What Is Gravity?
Have you ever wondered why you always fall back to the ground with a bump, no matter how high you jump? People were asking the same question 340 years ago. Then a British scientist named Isaac Newton discovered the force of gravity.
The story tells how Isaac was in his garden when an apple fell on his head. While he was rubbing his bruise, he began to wonder why the apple had struck him and not shot upwards instead.
Newton came up with the idea that some unseen force must attract the apple towards the Earth. He named this force “gravity” - from the Latin word “gravitas”, meaning “weight”.
Newton realised that every object in the Universe attracts every other object in the Universe. Even an apple tugs slightly at everything around it.
It is gravity that holds the Moon in orbit around the Earth, and gravity that enables the Sun to hold onto its family of planets. The pull of the Sun and Moon also causes Earth’s ocean tides.

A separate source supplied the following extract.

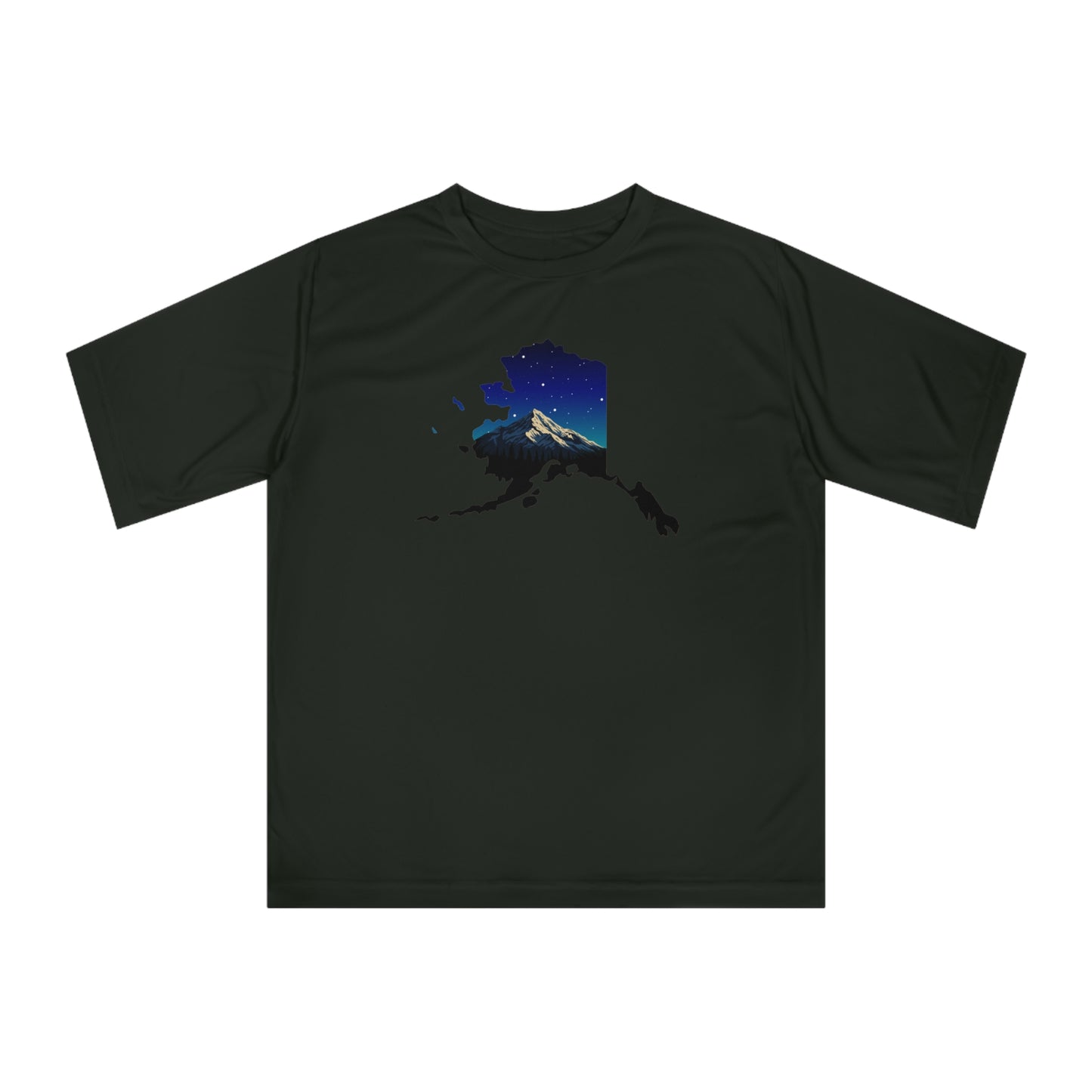 Twilight Peaks T-Shirt (Performance Tee)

However, the strength of gravity depends on the size and density of an object – what scientists call its “mass”. The tiny apple’s gravity is too weak to overcome the attraction of the huge Earth, so it falls towards the centre of the planet.
Gravity’s pull by an object decreases with distance from it. A climber on top of Mt. Everest weighs a little less than at sea level. If a spaceship travels far enough from Earth, it will eventually escape the planet’s pull completely.